Morituri te saluant

L’art désigne l'horreur sans se préoccuper des camps : tous les cadavres ont la même odeur. Leur donner un drapeau est difficile. Au nom de qui donner le drapeau sinon aux salauds qui jouèrent aux petits soldats avec leur troupe ?
Preuve que si souvent les paroles commencent la guerre, seul l’art la finit. Textes et images ne sont plus cependant un miroir : ils s'enfoncent dans l'horreur afin que les morts reviennent hanter les vivants.
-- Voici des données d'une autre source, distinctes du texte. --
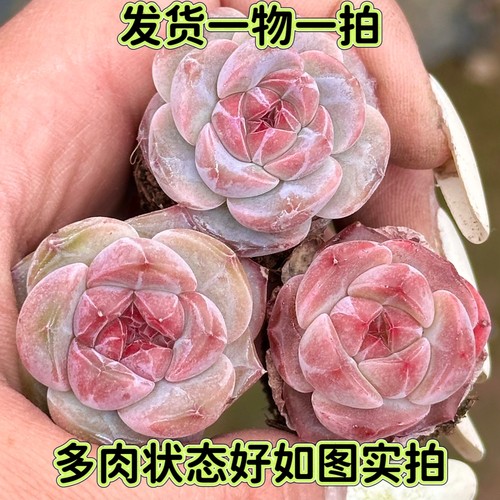 一物一拍冰魄多肉暗纹糖心梦露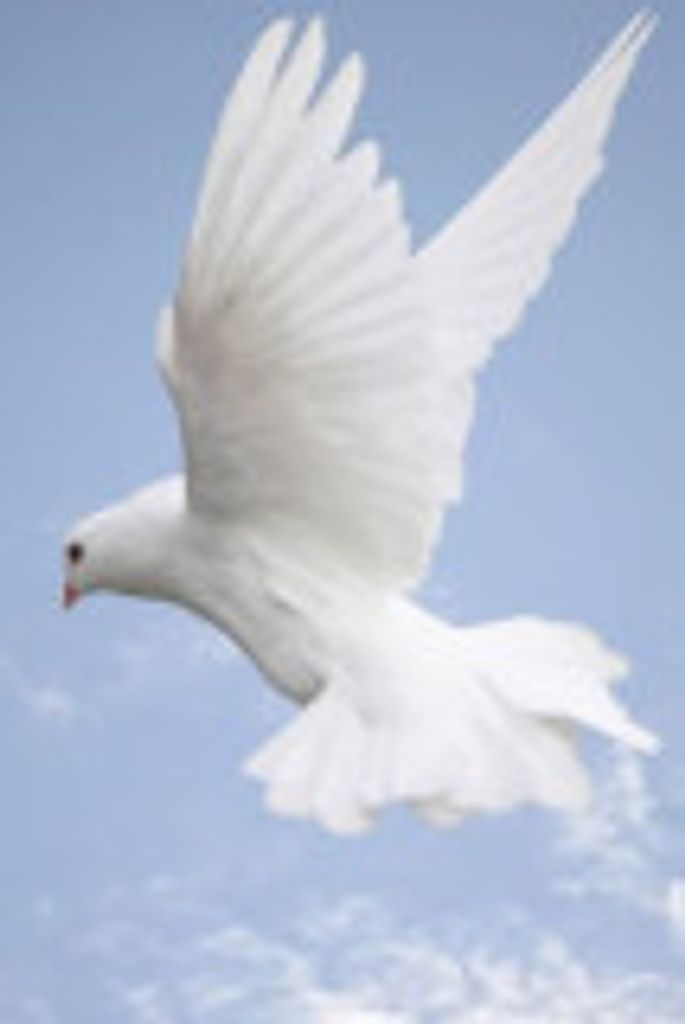 Debra Daniell Profile Photo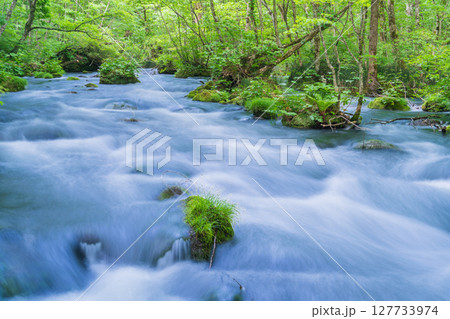 「青森県」初夏の奥入瀬渓流・三乱の流れ　十和田市 127733974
Voire plus : soudain ce sont les vivants qui habitent les morts pour qu’ils persistent dans la mémoire. Il ne s’agit pas de bâtir un mystère mais de casser les images et mots qui furent des faux-témoins de guerre. Artistes et écrivains en élargissent leur mensonge. Dans son creux la tranchée dégorge la force de vivre contre le peu qu’elle fut.
C'est pourquoi une telle exposition – organisée dans le cadre des commémorations du centenaire de la fin de la Première Guerre mondiale et réalisée avec le Kunstmuseum d’Albstadt et la Fondation Frans Masereel – ne se quitte pas.

Ce ne sont  là que silhouettes inhumaines ou trop humaines. Soudain la vérité dérobe la vie. La mort dérobe la vérité par son jargon de l'authenticité. Reste l'inconscient barbare, les spasmes telluriques d'un rite inaugural. L'origine du monde est là. Dans le tapage du canon.

 

Jean-Paul Gavard-Perret

 

La guerre et après Otto Dix et ses contemporains, Musée des Beaux-Arts de Chambéry, 3 novembre 2018 - 24 février 2019.